A fully-vitrified material, Shackerley’s SureClad® ceramic granite has virtually zero porosity, as defined by BS EN14411. Panels are completely unaffected by climatic extremes, as they conform to all international standards for freeze/thaw resistance, and they will not fade, however intense the U/V light exposure. The non-combustible (Class 0) material also offers excellent resistance to acids, alkalis and graffiti and does not promote algae growth.

Alessio Venturi adds: “We needed a solution that would carry through the design intention of a timeless, classic look over a long service life, supporting the aspirational quality of the Hilton brand.
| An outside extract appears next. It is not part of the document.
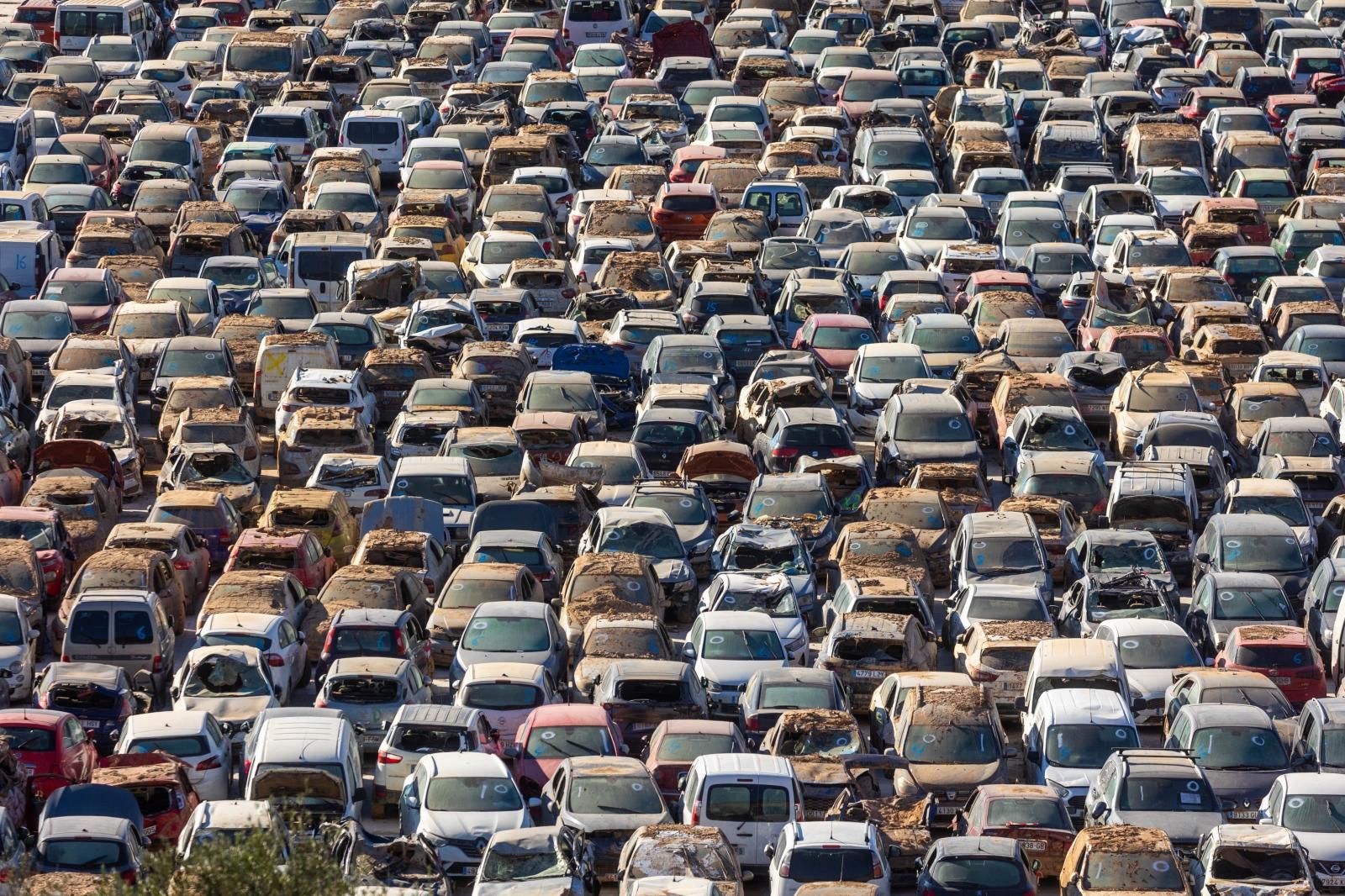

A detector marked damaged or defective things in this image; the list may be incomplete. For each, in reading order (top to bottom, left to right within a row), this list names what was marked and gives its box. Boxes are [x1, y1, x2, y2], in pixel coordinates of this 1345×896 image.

crumpled hood [178, 693, 276, 719]
crumpled hood [417, 810, 528, 844]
The SureClad® system was the ideal choice to meet those criteria and it looks fantastic on the finished building.”

High Flying Impact

The use of the SureClad® ceramic granite ventilated façade at the Hampton by Hilton Hotel Stansted builds on the use of Shackerley’s cladding systems at a number of Hilton properties, including the brand’s Wembley hotel completed in readiness for the 2012 Olympic Games and a major extension to the Hilton London Gatwick Airport a decade earlier.

It will ensure that the new flagship for the Hampton by Hilton chain provides a high quality, classic new addition to Stansted for use by high flying businessmen and holidaymakers alike.